Economia / Sondrio e cintura
Venerdì 10 Luglio 2026
Sostenibilità in Valtellina, Confartigianato: «Imprese motore della transizione ecologica»
Il rapporto dell’Ufficio Studi di Confartigianato fotografa il ruolo delle micro e piccole imprese nella tutela del territorio, nella riqualificazione energetica e nell’economia circolare in provincia di Sondrio. Gritti: «La sostenibilità è un percorso già in costruzione»
Lettura 2 min.Sondrio
Dalla messa in sicurezza del territorio alla riqualificazione energetica degli edifici, dall’economia circolare alla mobilità: la sostenibilità in provincia di Sondrio passa sempre più attraverso il lavoro delle imprese artigiane. È quanto emerge dal nuovo rapporto dell’Ufficio Studi di Confartigianato, presentato al Forum nazionale sulla sostenibilità, che evidenzia il ruolo strategico delle micro e piccole imprese nella transizione ecologica, energetica e sociale della Valtellina.

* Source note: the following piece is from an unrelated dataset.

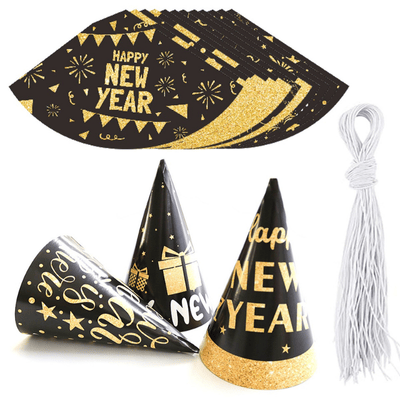 2025 Happy New Year Paper  Cone Hats Children's Adult Party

La fotografia restituisce un tessuto produttivo chiamato ad affrontare sfide particolarmente complesse, ma già protagonista di un percorso concreto verso uno sviluppo sostenibile. La Valtellina è infatti una delle aree lombarde maggiormente esposte al rischio idrogeologico: il 14,5% del territorio provinciale è classificato a elevata pericolosità da frana, oltre il doppio della media regionale, mentre il 3,6% delle superfici presenta un’elevata probabilità di allagamento. Un contesto che rende fondamentale il contributo delle imprese dell’edilizia, dell’impiantistica e della manutenzione.

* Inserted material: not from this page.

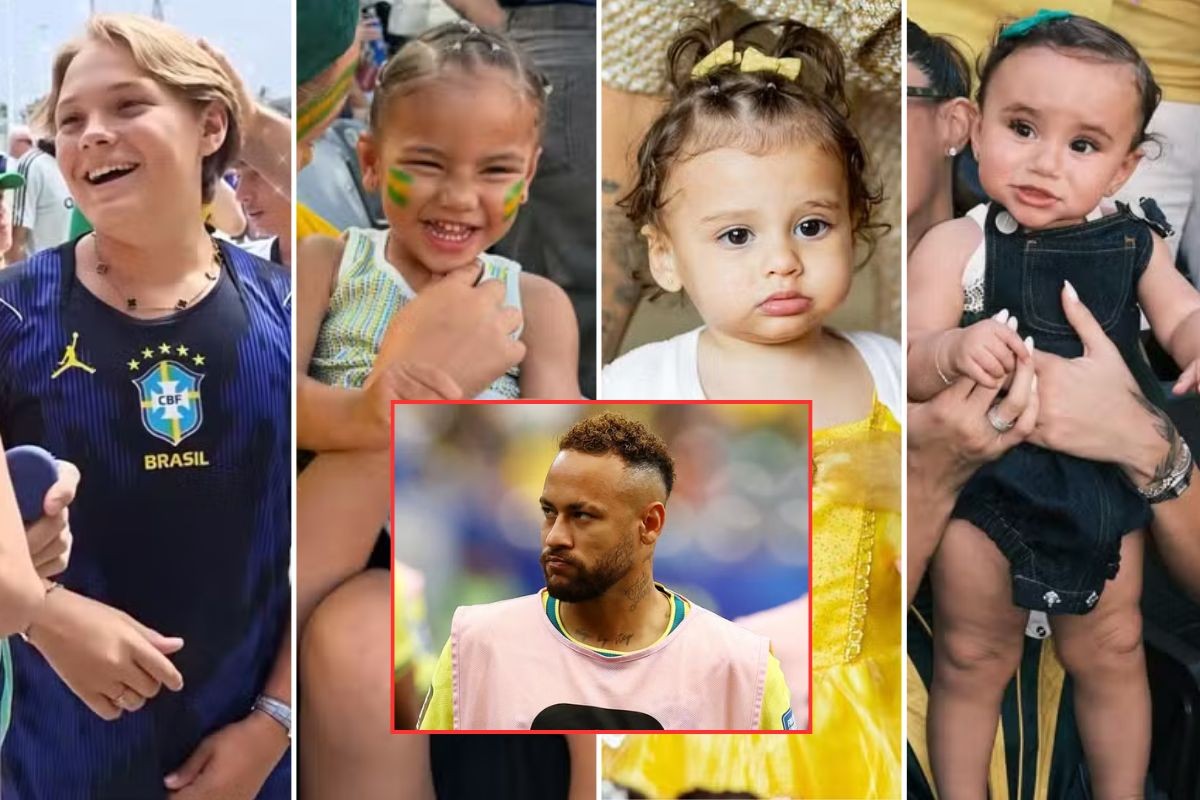 Helena é a única filha de Neymar que não está na Copa do Mundo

Sono 2.324 le aziende impegnate nella tutela e nella cura del territorio, di cui 1.814 artigiane, pari al 78,1% del totale, una delle incidenze più elevate della Lombardia. Importante anche il fronte della riqualificazione energetica. In provincia il 66,6% delle abitazioni è stato costruito prima del 1980 e il 34,8% degli immobili appartiene alle classi energetiche meno efficienti (F e G). Operano inoltre 296 imprese della filiera delle energie rinnovabili, di cui 199 artigiane, e 497 imprese dell’economia circolare, quasi l’80% delle quali è rappresentato da aziende artigiane. Un patrimonio di competenze che, secondo il rapporto, rappresenta una leva fondamentale per accompagnare la transizione energetica del territorio e migliorare l’efficienza del patrimonio edilizio esistente.

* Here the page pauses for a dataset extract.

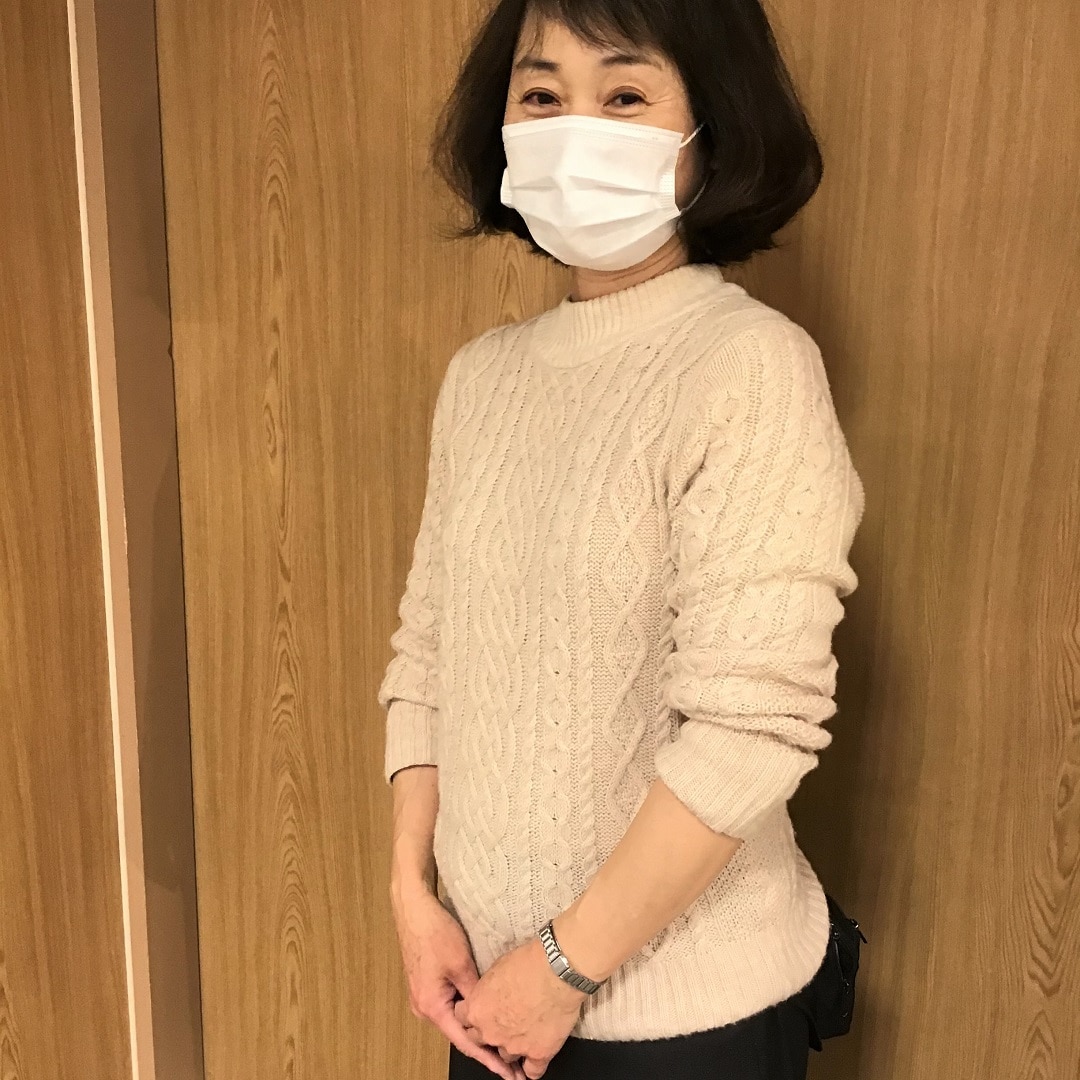 【福井西武】首元あったか「首のチクチクをおさえた洗えるセーター」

Restano ampi margini di miglioramento anche sul fronte della mobilità: il 62,2% delle automobili circolanti ha oltre dieci anni di età, il dato più elevato della Lombardia, mentre i veicoli elettrici rappresentano appena lo 0,81% del parco circolante. Un comparto nel quale riveste un ruolo importante anche la filiera dell’autoriparazione, composta da 435 imprese, di cui 256 artigiane.
Il rapporto conferma inoltre il peso delle micro e piccole imprese nell’economia provinciale: occupano il 79,7% degli addetti, ben oltre la media regionale. Sul fronte delle competenze, il 32,4% delle imprese ha investito nella formazione del personale e il 15,2% ha ospitato tirocinanti. Cresce anche la propensione all’innovazione: il 43,3% delle aziende collabora con altre imprese, sul territorio sono attive quattro Comunità Energetiche Rinnovabili e il 69,4% delle micro e piccole imprese ha investito nella trasformazione digitale.
«I dati del rapporto confermano che la sostenibilità non è uno slogan, ma un percorso che le imprese artigiane stanno già costruendo con investimenti, competenze e capacità di innovazione - afferma Gionni Gritti, presidente di Confartigianato Imprese Sondrio -. In una provincia montana come la nostra, tutela del territorio, efficientamento energetico, economia circolare, formazione e innovazione rappresentano sfide decisive. Le imprese artigiane sono già protagoniste di questa trasformazione e dimostrano ogni giorno di saper coniugare competitività e responsabilità verso l’ambiente e le comunità locali».
Da qui l’appello alle istituzioni: «Le imprese devono poter continuare a investire, sostenute da politiche pubbliche che ne valorizzino il ruolo economico e sociale quale motore di uno sviluppo sostenibile e radicato nelle comunità locali» conclude Gritti.